The next algorithm is t-distributed stochastic neighbor embedding t-SNE which focuses more on the distance of samples than on variance. The main concept is that samples which are nearby in high dimensional space are also nearby in the lower dimensional space.

t-SNE: Smiley face

t-distributed stochastic neighbor embedding
Nonlinear dimensionality reduction
Similar object modeled by nearby points

The t-SNE algorithm has important hyperparameter which need to be set with some insight. More on those hyperparameter and their settings can be found at https://distill.pub/2016/misread-tsne/ and in Laurens van der Maaten’s original paper on t-SNE (Maaten and Hinton 2008)

Independent component analysis (ICA)

ICA is used in signal processing to differentiate different sources of signal, i.e. suppress in an audio signal the background noise which can be very helpful when using a phone in an loud environment.

Independent component analysis (ICA):

Origin in signal processing
Separating mulivariate signal into additive subcomponents

The ability to separate signal sources can be seen in the following example. Whereas PCA picks up the variance ICA assigns signals to the sources.

The code is from at https://scikit-learn.org/stable/auto_examples/decomposition/plot_ica_vs_pca.html#sphx-glr-auto-examples-decomposition-plot-ica-vs-pca-py

"""
==========================
FastICA on 2D point clouds
==========================

This example illustrates visually in the feature space a comparison by
results using two different component analysis techniques.

:ref:`ICA` vs :ref:`PCA`.

Representing ICA in the feature space gives the view of 'geometric ICA':
ICA is an algorithm that finds directions in the feature space
corresponding to projections with high non-Gaussianity. These directions
need not be orthogonal in the original feature space, but they are
orthogonal in the whitened feature space, in which all directions
correspond to the same variance.

PCA, on the other hand, finds orthogonal directions in the raw feature
space that correspond to directions accounting for maximum variance.
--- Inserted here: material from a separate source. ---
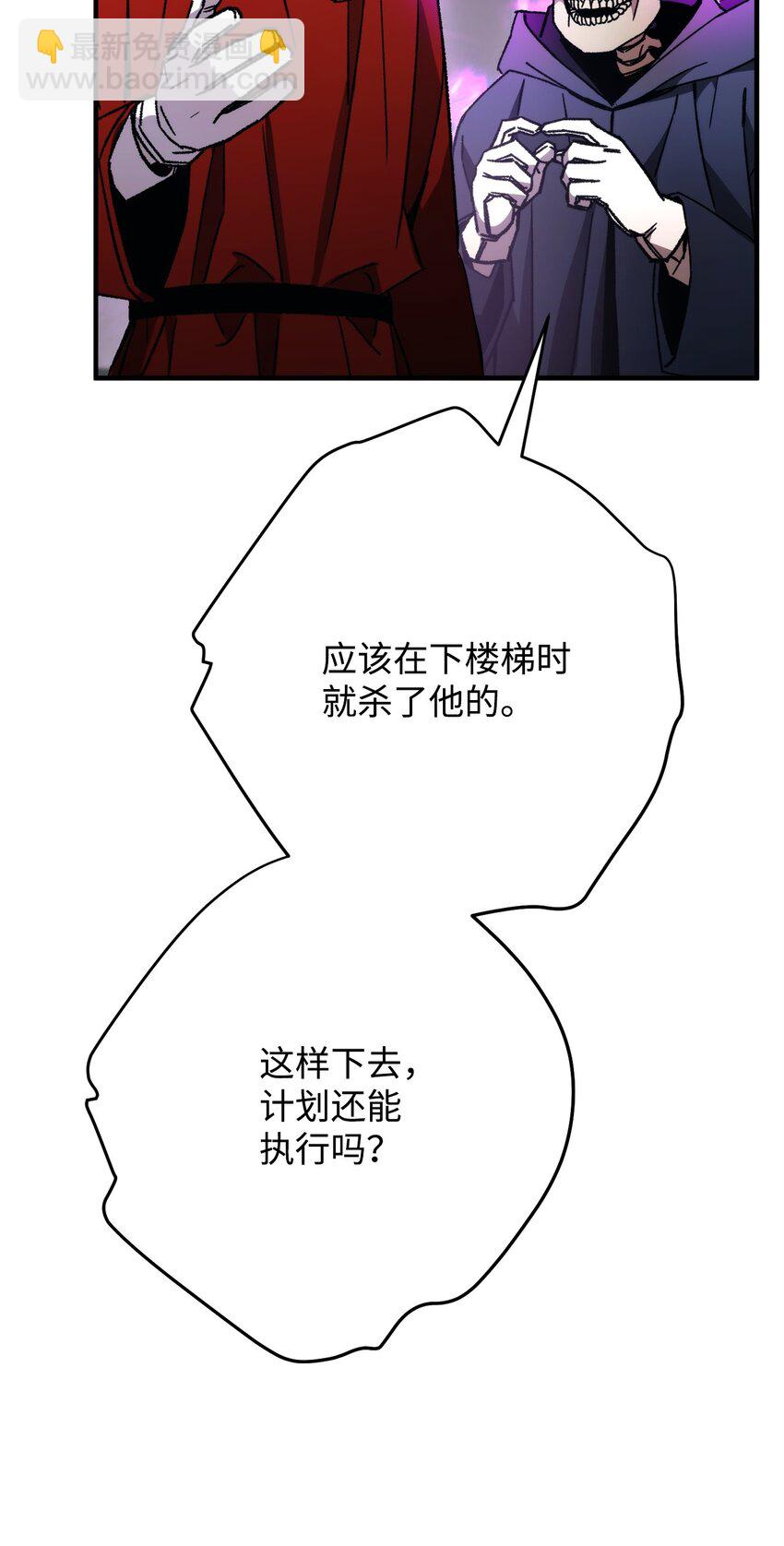 33 达成同盟(1/3)-第34话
Here we simulate independent sources using a highly non-Gaussian
process, 2 student T with a low number of degrees of freedom (top left
figure). We mix them to create observations (top right figure).
In this raw observation space, directions identified by PCA are
represented by orange vectors. We represent the signal in the PCA space,
after whitening by the variance corresponding to the PCA vectors (lower
left). Running ICA corresponds to finding a rotation in this space to
identify the directions of largest non-Gaussianity (lower right).
"""
print(__doc__)

# Authors: Alexandre Gramfort, Gael Varoquaux
# License: BSD 3 clause

import numpy as np
import matplotlib.pyplot as plt

from sklearn.decomposition import PCA, FastICA

# #############################################################################
# Generate sample data
rng = np.random.RandomState(42)
S = rng.standard_t(1.5, size=(20000, 2))
S[:, 0] *= 2.

# Mix data
A = np.array([[1, 1], [0, 2]])  # Mixing matrix

X = np.dot(S, A.T)  # Generate observations

pca = PCA()
S_pca_ = pca.fit(X).transform(X)

ica = FastICA(random_state=rng)
S_ica_ = ica.fit(X).transform(X)  # Estimate the sources

S_ica_ /= S_ica_.std(axis=0)


# #############################################################################
# Plot results

def plot_samples(S, axis_list=None):
    plt.scatter(S[:, 0], S[:, 1], s=2, marker='o', zorder=10,
                color='steelblue', alpha=0.5)
    if axis_list is not None:
        colors = ['orange', 'red']
        for color, axis in zip(colors, axis_list):
            axis /= axis.std()
            x_axis, y_axis = axis
            # Trick to get legend to work
            plt.plot(0.1 * x_axis, 0.1 * y_axis, linewidth=2, color=color)
            plt.quiver(0, 0, x_axis, y_axis, zorder=11, width=0.01, scale=6,
                       color=color)

    plt.hlines(0, -3, 3)
    plt.vlines(0, -3, 3)
    plt.xlim(-3, 3)
    plt.ylim(-3, 3)
    plt.xlabel('x')
    plt.ylabel('y')

plt.figure()
plt.subplot(2, 2, 1)
plot_samples(S / S.std())
plt.title('True Independent Sources')

axis_list = [pca.components_.T, ica.mixing_]
plt.subplot(2, 2, 2)
plot_samples(X / np.std(X), axis_list=axis_list)
legend = plt.legend(['PCA', 'ICA'], loc='upper right')
legend.set_zorder(100)

plt.title('Observations')

plt.subplot(2, 2, 3)
plot_samples(S_pca_ / np.std(S_pca_, axis=0))
plt.title('PCA recovered signals')

plt.subplot(2, 2, 4)
plot_samples(S_ica_ / np.std(S_ica_))
plt.title('ICA recovered signals')

plt.subplots_adjust(0.09, 0.04, 0.94, 0.94, 0.26, 0.36)
plt.show()

Partial least squares

Since PCA does not take into consideration any of the response information. PLS is a supervised version of PCA which reduced dimensions are optimally related to the response (Stone and Brooks 1990).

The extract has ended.